Manda quem pode, obedece quem tem juízo. O presidente Jair Bolsonaro mandou o ministro Marcelo Queiroga, da Saúde, demitir a médica Luana Araújo, que assumira há menos de 10 dias a Secretaria de Enfrentamento à Covid-19. Queiroga, que tem juízo e não quer perder o emprego, obedeceu.
Era visível seu constrangimento quando anunciou a demissão por meio de uma nota oficial que não explicou o motivo da dispensa, limitou-se a registrar:
“O Ministério da Saúde informa que a médica infectologista Luana Araújo, anunciada para o cargo de secretária extraordinária de Enfrentamento à Covid-19, não exercerá a função. A pasta busca por outro nome com perfil profissional semelhante: técnico e baseado em evidências científicas.”
Ora, se Queiroga quer alguém à imagem e semelhança de Luana, por que não ficou com ela? Eis a razão: a secretária sempre criticou sem papas na língua o uso da cloroquina contra o vírus. E Bolsonaro só se deu conta disso depois de sua posse no ministério. A autonomia que prometeu dar a Queiroga era vidro e se quebrou.
Em nota divulgada no seu perfil no Instagram, Luana disse:
“Em meu discurso de apresentação, fiz questão de evidenciar minha postura técnica, baseada em evidências, pautada pelo juramento médico que fiz e que norteia todas as minhas atitudes. Vejo a ciência como ferramenta de produção de conhecimento e de educação para a priorização da vida”.
À noite, em entrevista coletiva à imprensa para falar de medidas sobre a variante indiana da Covid, Queiroga negou que tenha sido obrigado a demitir Luana:
“Não tem pressão do Palácio do Planalto. Esse é um assunto que considero encerrado.”
Ante a insistência de um repórter em querer mais detalhes, Queiroga foi ríspido:
“Já falei sobre a doutora Luana. Esse é um assunto que nós consideramos encerrado. Não vou mais abordar esse assunto.”
Não é de hoje que Bolsonaro surpreende ministros com decisões que os contrariam, deixando-os expostos ao desgaste público. Mal assumiu o Ministério da Justiça, o ex-juiz Sérgio Moro teve que afastar a mando de Bolsonaro uma socióloga que convidara para um posto não remunerado em um conselho.
Em abril de 2019, Bolsonaro demitiu pelas redes sociais o diretor de marketing do Banco do Brasil porque não gostou de um comercial que vira na televisão. Em junho daquele ano, em conversa com um grupo de devotos à saída do Palácio da Alvorada, Bolsonaro declarou sem que lhe perguntassem:
“Eu já estou por aqui com o [Joaquim] Levy. Falei pra ele demitir esse cara [Marcos Barbosa Pinto] na segunda-feira ou eu demito você, sem passar pelo Paulo Guedes”.

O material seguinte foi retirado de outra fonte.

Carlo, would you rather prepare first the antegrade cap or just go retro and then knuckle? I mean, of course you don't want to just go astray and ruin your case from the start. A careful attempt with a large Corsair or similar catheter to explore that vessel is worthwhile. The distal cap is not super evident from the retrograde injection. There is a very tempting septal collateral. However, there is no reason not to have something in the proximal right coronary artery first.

Escolhido por Guedes, ministro da Economia, Levi era o presidente do Banco Nacional de Desenvolvimento Econômica e Social, e Barbosa Pinta, um executivo que trabalhou nos governos do PT. Guedes tentou contornar a situação criada por Bolsonaro, mas Levi preferiu pedir demissão. Saiu sem atirar em ninguém.

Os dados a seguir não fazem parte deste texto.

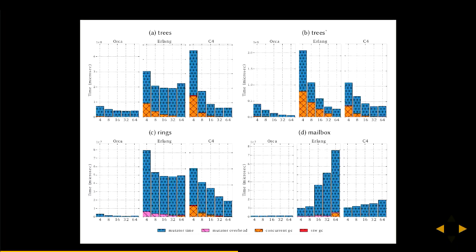Other benchmarks from the paper show the garbage collector maintaining low overhead even when scaling up to multiple cores — benchmarks ranging from 4 to 64 cores. For example, in the mailbox benchmark, the Erlang GC shows increasingly poor behavior, whereas Pony keeps a fairly linear pattern across scaling.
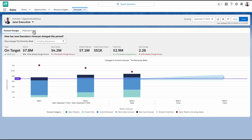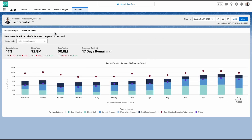Now, for the historical trends chart, I can see how my team's current commitments compare to their performance in the past periods. So going from left to right, I see how my forecasts were adjusted in the past, which helps me set a more accurate forecast for the current period.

A proposta de fechar 112 agências e desligar 5 mil funcionários custou, este ano, a cabeça de André Brandão, presidente do Banco do Brasil, outro escolhido por Guedes, menos de quatro meses após sua posse. Brandão agonizou entre janeiro e março, mas acabou tendo de ir embora. Outra vez, Guedes engoliu a seco.